Der Theologe und Gründer der christlichen Gemeinschaft L’Abri, Francis Schaeffer, schreibt:
Ich bin überzeugt, dass die Menschen im zwanzigsten Jahrhundert nicht zuhören werden, wenn wir zwar die richtige Lehre und richtige Kirchenordnung haben, aber keine Gemeinschaft zeigen. (zitiert in Andrew Fellows The Church Before the Watching World: Francis Schaeffer’s Burdens)
Fellows sagt, dass Schaeffer «sogar so weit ging, unsere Demonstration der liebenden Gemeinschaft als ‘die letzte Apologetik’ zu bezeichnen — eine Demonstration dessen, was wir wirklich sind, vor einer beobachtenden Welt». Schaeffer implementierte eine ‘doppelte’ Orthodoxie:
Orthodoxie der Lehre und Orthodoxie der Gemeinschaft inmitten der sichtbaren Kirche, einer Gemeinschaft, die die Welt sehen kann. Durch die Gnade Gottes muss die Kirche also gleichzeitig für ihre Reinheit der Lehre und die Realität ihrer Gemeinschaft bekannt sein. (Schaeffer zitiert in Andrew Fellows The Church Before the Watching World: Francis Schaeffer’s Burdens)
Um diese doppelte Orthodoxie geht es mir, wenn ich die Kirche als Raum der Gnade beschreibe. Wie kann diese doppelte Orthodoxie aussehen, konkret und real? Im nächsten Artikel formuliere ich 9 Thesen, was dies für uns heute bedeuten könnte um anschliessend im dritten Artikel den 3AB Weg zu beschreiben. In der Zeit bis zu deren Veröffentlichung ermutige ich meine Leser, selber zu überlegen, was meine obigen Beobachtungen für lokale Kirchen bedeuten könnten, die den Menschen Gottes Gnade erfahrbar machen wollen.
Bilder: Old South Meeting House, Boston (iStock)
Grüess di Paul
Seit vielen Jahren bewegt mich dieses Thema und ich versuche auf mancherlei Art und Weise, unsere Lokalkirche in diese Richtung zu bewegen. Deine Darstellung und Argumentationslinien helfen mir dabei sehr. Danke vielmals. Ich bin gespannt auf Artikel 3, möchte das gerade (einmal mehr) in die Predigt vom 22. Oktober einfliessen lassen.
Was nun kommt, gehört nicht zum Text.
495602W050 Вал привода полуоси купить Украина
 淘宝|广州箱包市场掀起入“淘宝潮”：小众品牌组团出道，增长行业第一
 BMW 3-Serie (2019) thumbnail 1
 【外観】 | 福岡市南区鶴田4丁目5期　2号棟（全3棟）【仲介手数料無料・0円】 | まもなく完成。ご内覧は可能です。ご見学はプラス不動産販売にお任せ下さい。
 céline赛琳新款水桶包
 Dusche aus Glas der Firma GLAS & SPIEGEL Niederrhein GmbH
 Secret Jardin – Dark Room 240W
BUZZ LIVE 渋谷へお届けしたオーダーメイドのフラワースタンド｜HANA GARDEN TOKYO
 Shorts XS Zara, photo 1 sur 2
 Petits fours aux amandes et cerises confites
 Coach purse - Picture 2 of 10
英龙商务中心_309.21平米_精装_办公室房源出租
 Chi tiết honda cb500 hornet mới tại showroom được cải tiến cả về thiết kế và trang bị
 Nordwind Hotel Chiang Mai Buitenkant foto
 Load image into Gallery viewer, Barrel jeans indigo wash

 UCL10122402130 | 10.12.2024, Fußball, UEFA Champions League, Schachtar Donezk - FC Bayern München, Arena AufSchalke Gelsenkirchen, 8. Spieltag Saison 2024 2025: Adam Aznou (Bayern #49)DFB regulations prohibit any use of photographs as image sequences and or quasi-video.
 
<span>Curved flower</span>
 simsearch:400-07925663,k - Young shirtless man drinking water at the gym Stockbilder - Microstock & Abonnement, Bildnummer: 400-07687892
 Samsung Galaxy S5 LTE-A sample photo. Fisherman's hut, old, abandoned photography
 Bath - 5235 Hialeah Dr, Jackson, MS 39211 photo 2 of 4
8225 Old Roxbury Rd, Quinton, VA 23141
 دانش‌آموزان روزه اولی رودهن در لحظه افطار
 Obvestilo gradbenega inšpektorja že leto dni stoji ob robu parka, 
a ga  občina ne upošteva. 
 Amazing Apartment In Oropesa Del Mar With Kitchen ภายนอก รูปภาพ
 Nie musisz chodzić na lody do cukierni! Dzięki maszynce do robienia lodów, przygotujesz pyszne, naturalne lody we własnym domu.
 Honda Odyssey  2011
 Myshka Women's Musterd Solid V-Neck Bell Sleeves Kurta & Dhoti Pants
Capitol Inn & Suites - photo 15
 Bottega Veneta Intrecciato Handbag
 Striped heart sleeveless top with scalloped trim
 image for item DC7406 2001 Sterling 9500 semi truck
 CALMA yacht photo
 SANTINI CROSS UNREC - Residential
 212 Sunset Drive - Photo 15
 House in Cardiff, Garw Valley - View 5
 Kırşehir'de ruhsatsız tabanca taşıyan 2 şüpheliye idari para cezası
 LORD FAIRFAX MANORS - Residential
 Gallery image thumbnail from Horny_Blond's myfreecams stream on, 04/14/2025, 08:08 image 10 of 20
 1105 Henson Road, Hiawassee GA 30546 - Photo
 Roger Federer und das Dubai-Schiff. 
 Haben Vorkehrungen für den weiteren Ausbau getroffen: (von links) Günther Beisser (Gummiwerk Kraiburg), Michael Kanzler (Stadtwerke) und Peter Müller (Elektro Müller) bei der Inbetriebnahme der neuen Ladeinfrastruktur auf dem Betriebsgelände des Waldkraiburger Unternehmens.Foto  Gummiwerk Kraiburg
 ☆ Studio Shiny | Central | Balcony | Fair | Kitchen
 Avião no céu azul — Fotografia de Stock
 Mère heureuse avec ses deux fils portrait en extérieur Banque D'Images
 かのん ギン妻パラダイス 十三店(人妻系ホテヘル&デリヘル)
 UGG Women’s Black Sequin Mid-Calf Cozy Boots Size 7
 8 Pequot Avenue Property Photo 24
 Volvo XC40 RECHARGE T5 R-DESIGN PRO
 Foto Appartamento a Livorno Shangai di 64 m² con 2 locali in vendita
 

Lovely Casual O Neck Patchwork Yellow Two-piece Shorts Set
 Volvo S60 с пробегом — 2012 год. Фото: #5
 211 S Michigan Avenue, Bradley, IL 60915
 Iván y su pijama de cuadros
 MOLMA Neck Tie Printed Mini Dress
Danke und bis riich gsägnet
david
Hi David, danke! Ich schicke dir den Artikel 3 schon mal damit du etwas mehr Vorlauf hast. Wegen deiner anderen Anfrage: ich habe sie erhalten und antworte dir am Montag ok?
Hoi Paul
Ich lese auch diesen Artikel mit Freude, Begeisterung und Interesse. Er bereichert mich und lenkt, korrigiert meine Gedanken in guter Weise. Danke.